La
Real Academia Española (RAE), institución que vela por el correcto uso de la
segunda lengua en importancia del mundo y la tercera más utilizada en el cosmos
de internet, tiene que hacer malabarismos contables para llegar a fin de mes.
Lo
ha confesado quien mejor conoce sus entresijos, el sapientísimo José Manuel
Blecua, su director, en una reciente entrevista para el diario El País. El filólogo, catedrático
emérito de Lengua Española en la Universidad Autónoma de Barcelona, admite que
la situación de la entidad es «dramática» debido a los recortes presupuestarios
que han sufrido en los últimos años (la subvención estatal que reciben ha
pasado de 3,6 a 1,6 millones de euros). Quiere esto decir que la leyenda
«Limpia, fija y da esplendor», que preside la Docta Casa desde 1715, tres
siglos de nada, puede acabar hecha unos zorros. Y si hoy por hoy sus ilustres
académicos no están saliendo a la calle con pancartas y megáfonos es gracias al
auspicio de la Fundación pro-RAE, que aporta lo que las arcas públicas, impermeables
a los encantos de la palabra, les escatiman.
Con
fondos tan exiguos se entiende que no haya forma de mantener las tildes en su
sitio, caramba. Lo de la supresión del acento en «solo» cuando es adverbio
(‘solamente’, ‘únicamente’), es un delito estético y una coz al sentido común. Igual
pasa con «guion», si bien en este caso los guardianes de la elocuencia, en un
gesto de magnanimidad, lo admiten con o sin, como si fuera una cerveza. Y esos son
sólo (o ‘solo’, como gusten) dos ejemplos, pero hay otros muchos.
En
estos días en que los escándalos de corrupción política afloran a la superficie
igual que los patéticos cadáveres de un naufragio ―la calidad democrática de un
país la marcan la transparencia de sus instituciones y el grado de integridad
de todos los servidores públicos―, es inevitable pensar en lo bien que le
vendría a la Española una inyección de una pequeñísima parte de todo ese parné que
algunos políticos tienen depositado en paraísos fiscales. Con un miserable uno
por ciento de ese fortunón, daba de sobra para quitarle hasta la última mota de
polvo a tanta joya de papel como atesora el noble edifico de la madrileña calle
de Felipe IV. Y así, de paso, las tildes volverían a las alturas, de donde
nunca jamás debieron apearse.
La
vida está llena de bifurcaciones, de caminos que se desdoblan de pronto y ante
los cuales tienes que decidir, a veces sin apenas tiempo para la reflexión, por
dónde tirar.
En
el mismo momento y en la misma ciudad, puede que hasta en la misma calle, un
hombre al que los votantes aupamos al poder para que resolviera nuestros
problemas y nos diera una vida mejor, transfiere una importante suma de dinero
obtenido por medios ilícitos ―tráfico de influencias, cohecho― a una cuenta bancaria
con sede en Suiza, Liechtenstein, Luxemburgo o las Islas Caimán, mientras que
otro hombre que lleva tiempo pasándolas putas, que vive, incluso, de prestado, y
que siempre pagó sus facturas, impuestos y multas, incluidas las más injustas,
se afana en la búsqueda del adjetivo exacto con el que rematar un relato, un
poema, una novela o un artículo periodístico.
Son
las dos caras de una misma y vieja, muy vieja, moneda: la del que se resiste a
renunciar al trabajo bien hecho, pese a los nulos incentivos que este le
reporta, y la del que hace ya tiempo que vendió su alma al diablo a cambio de
un puñado de monedas de oro.
Sé,
sin ningún género de duda, en qué lado estoy y a cuál de esos dos tipos me parezco.

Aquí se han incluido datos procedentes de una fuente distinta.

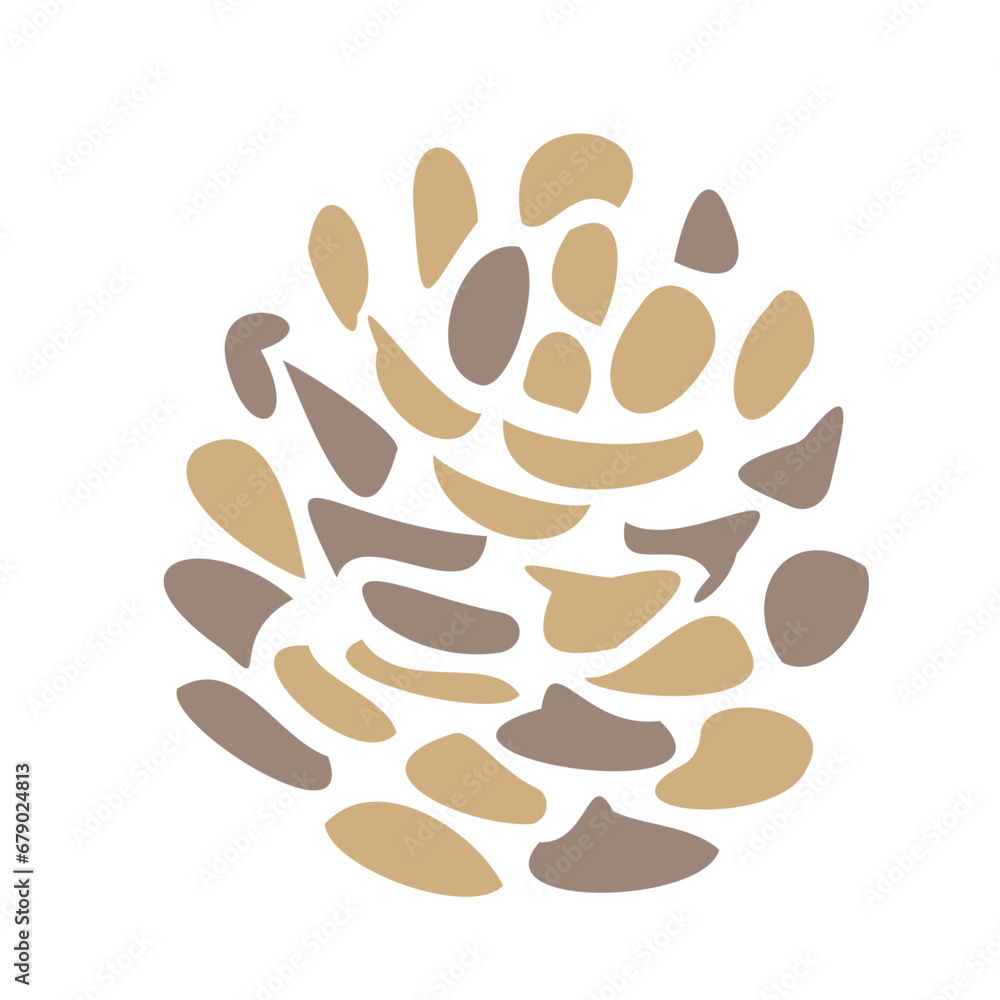 Obraz premium 可愛い松ぼっくりのイラスト フラットデザイン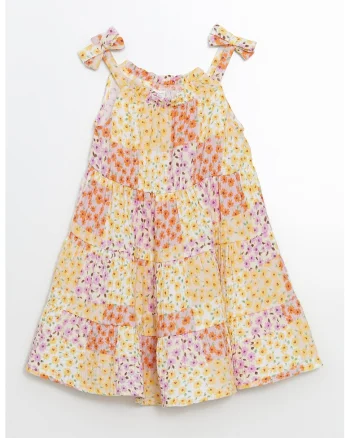 Rochie de bumbac cu aplicatii, Galben pai/Lila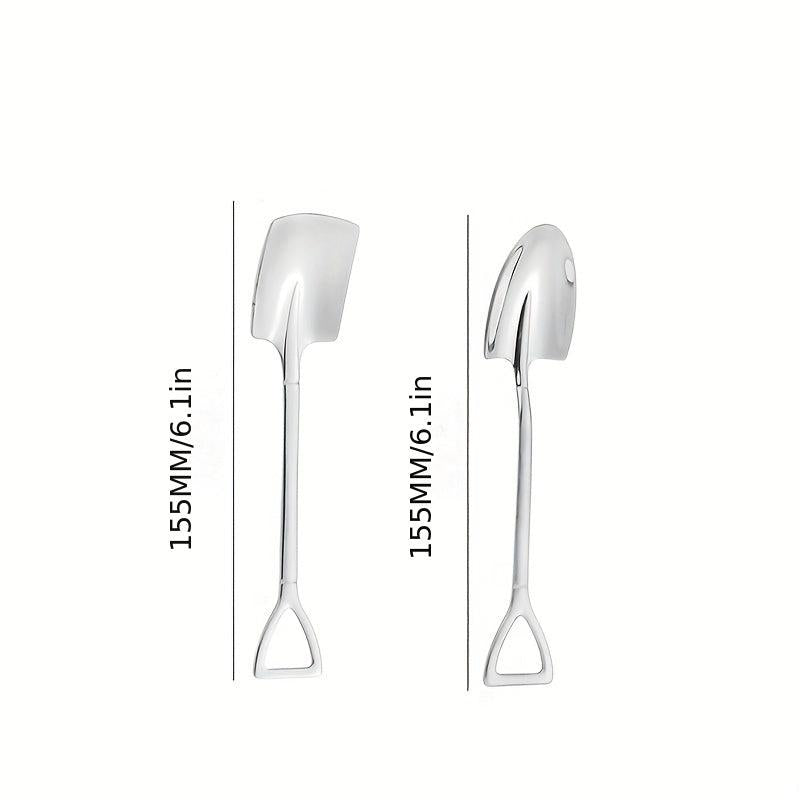 10pcs Stainless Steel Dessert Spoon Set Reusable Cake Spoons Kitchen Spoons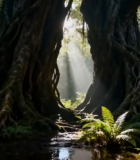 森林中阳光穿透树木的景象853#横屏 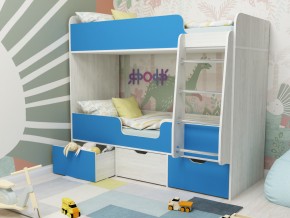 Кровать двухъярусная Малыш двойняшка винтерберг-голубой в Кушве - kushva.magazinmebel.ru | фото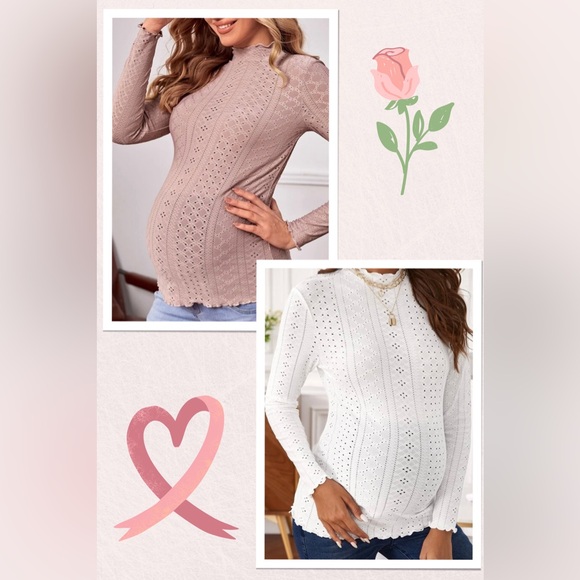 Tops - Maternity Medium Mock Neck Lettuce Trim Pointelle Knit Shirt Long Sleeve Shirts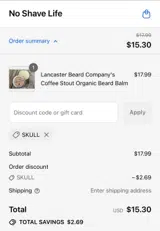 SKULL coupon verification screenshot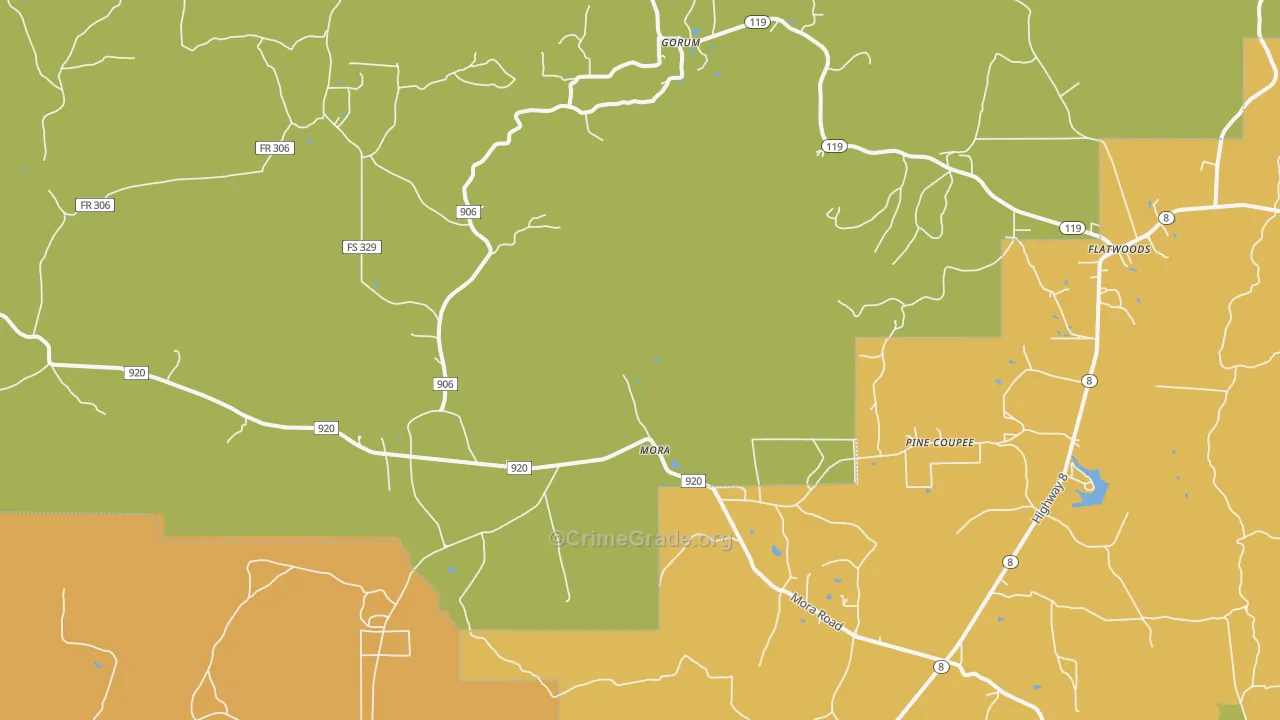 Mora, LA Map of Murder Rates
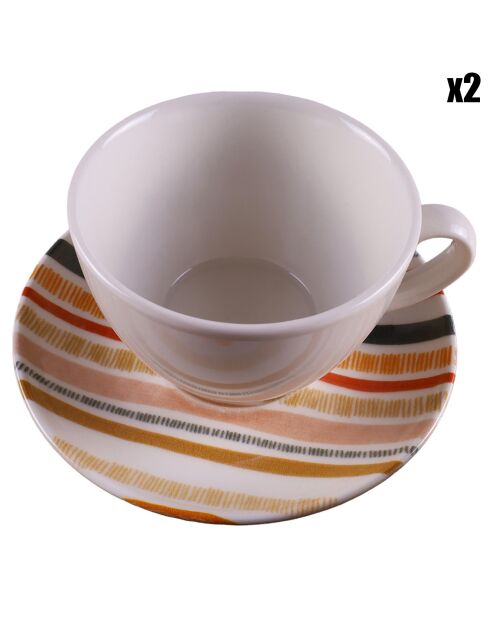 2 Tasses à café avec soucoupes en Porcelaine multicolores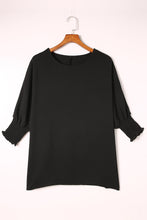 Load image into Gallery viewer, Women Black Smocked Wrist Shift Top. (SPI)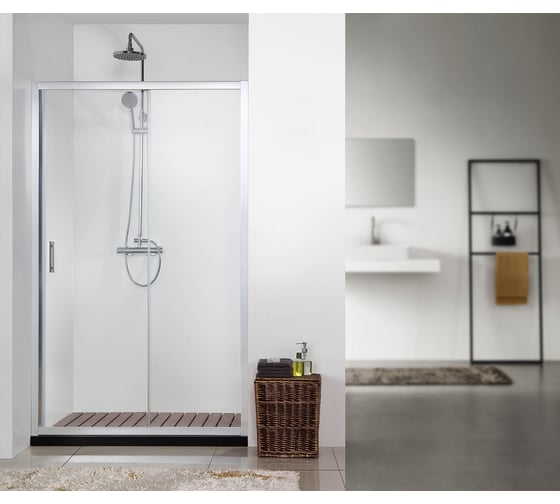 Изображение товара Душевое ограждение SANTREK AQUA Time- DF-1200-C-Chrome 1200x1950 прямое стекло прозрачное 6 мм, профиль хром 314685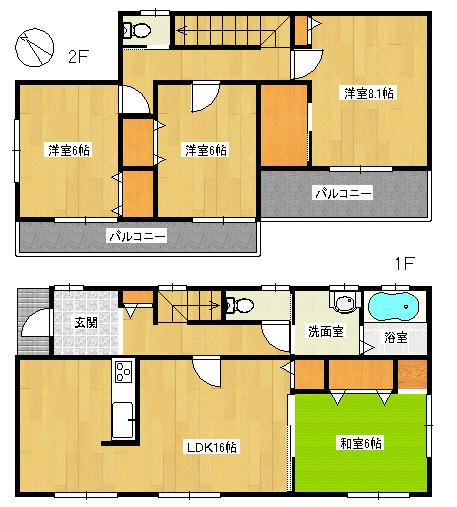 Floor plan. 18,390,000 yen, 4LDK, Land area 161.11 sq m , Building area 104.75 sq m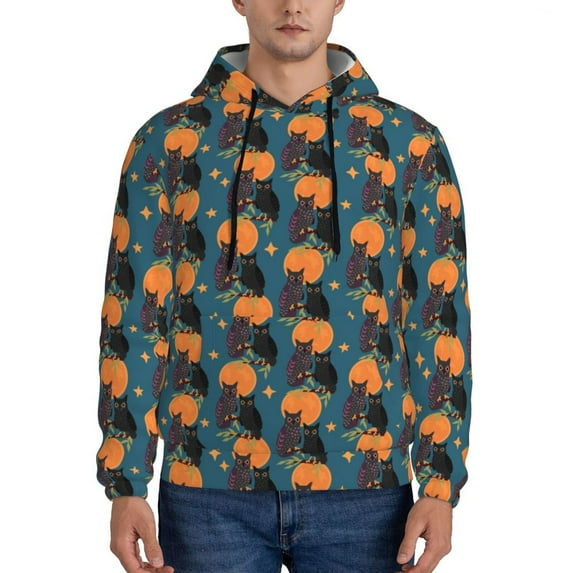 Kdxio Owls In Cartoon Style Print Mens Casual Hooded Collar Drawstring Hoodies Pullover Sweatshirts Casual Long Sleeve Shirts-Large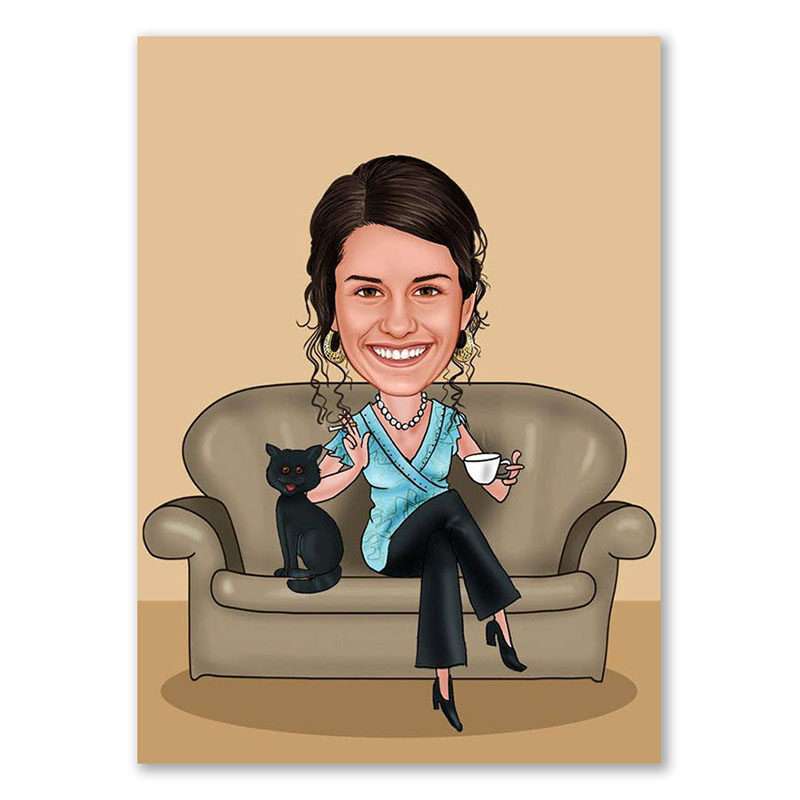 Bild von   erstellung karikatur cat ladyjpg | fotogeschenkideende 🎀 Geschenke mit eigenem Foto Motiv o Text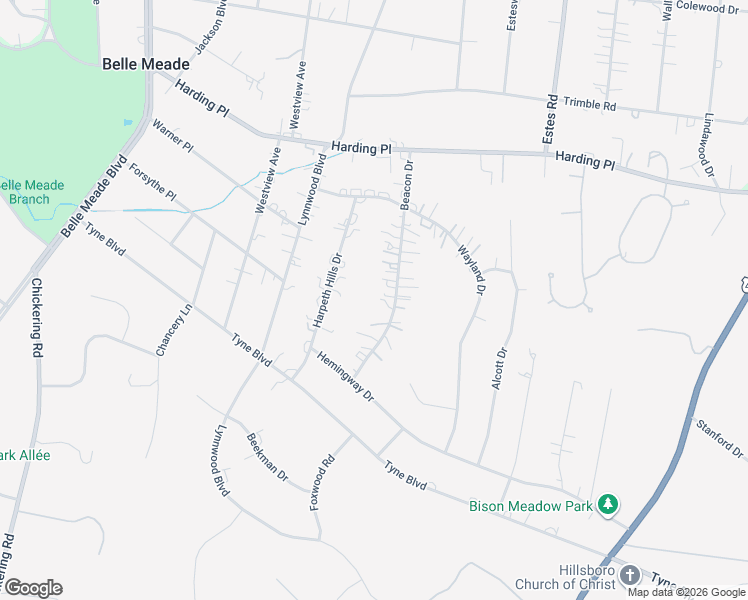 map of restaurants, bars, coffee shops, grocery stores, and more near 4518 Beacon Drive in Nashville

Y creo saber de igual modo la diferencia entre el bien y el mal, la belleza y
el horror, la justicia y su contrario.
Cuidar
la lengua, mimarla, apostar por la palabra es trabajar en la construcción de un
futuro sin sombras. Amasar, como si se tratase de un deporte, más dinero del
que jamás podrás gastar y que además no sudaste, y que por lo tanto no mereces,
es socavar el presente y sembrar de brumas el porvenir.
«¿Cuál
será el porvenir de mi pasado?», se preguntaba, retóricamente, en una suerte de
(hermoso) rizo existencial, Mario Benedetti.
La
única certeza incontrovertible es que si no preservamos ahora, ya, la cultura y
la lengua (la lengua como símbolo de riqueza, no como elemento de exclusión),
si no invertimos en ellas, el porvenir de nuestro presente será desde luego la
barbarie, ninguna otra cosa.
Si
es que acaso no estamos ya medio instalados en ella y aún ―ciegos, más que ciegos―
no nos hemos dado cuenta.
No sabía de esta situación de la RAE. A pesar de que no estoy 100% de acuerdo con sus decisiones o sus miembros, me parece que es una institución que debe preservarse, sin dudas, mucho más que otras que no aportan nada.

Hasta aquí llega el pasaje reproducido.